= Al-Husayn ibn Ali al-Maghribi =

Abu'l-Qasim al-Husayn ibn Ali al-Maghribi (أبو القاسم الحسين بن علي المغربي) was a senior statesman of Persian origin in the service of the Abbasid, Ikhshidid and Hamdanid dynasties.

== Life ==
He was the son of Ali ibn Muhammad al-Maghribi, an official of Persian origin, who became head of the diwan al-maghrib, the "Bureau of the West", whence his family acquired the nisbah of "al-Maghribi". Like his father, Husayn was employed in the Abbasid central bureaucracy in Baghdad, where he married the sister of another official, Abu Ali Harun ibn Abd al-Aziz al-Awariji. Following the fall of the amir al-umara Ibn Ra'iq in 942, Husayn and his brother-in-law left Iraq and sought employment elsewhere. Husayn and his family eventually settled in Egypt, where he entered the service of its ruler, Muhammad ibn Tughj al-Ikhshid. Some time after—according to P. Smoor, probably in 946, when al-Ikhshid died and Abu al-Misk Kafur assumed the de facto governance of the Ikhshidid domains—they left Egypt for the court of the Hamdanid emir Sayf al-Dawla in Aleppo.
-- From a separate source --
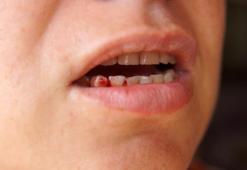 Ağızdan kan gelmesi orucu bozar mı? Oruçluyken ağız kanaması orucu zayıflatır mı?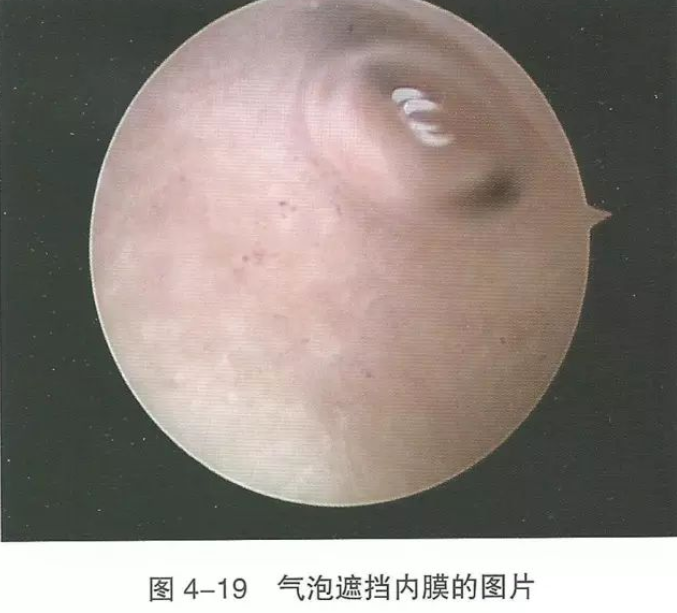 1650444170134248.png image.png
Husayn remained in Aleppo as secretary (katib) until the end of his life. By 965, he had risen to become an important personality in the affairs of the Hamdanid emirate, as evidenced by the fact that he briefly served as hostage to the Byzantines during negotiations for a prisoner exchange. He died soon after, or, according to some accounts, before his return to Hamdanid territory. His son, Abu'l-Hasan Ali, succeeded him in Hamdanid service, before switching to the Fatimid court, where he until his execution along with almost the entire family in 1010. Only his namesake grandson, Abu'l-Qasim al-Husayn, escaped the massacre and served successively in the Buyid, Marwanid and Uqaylid courts until his death in 1027.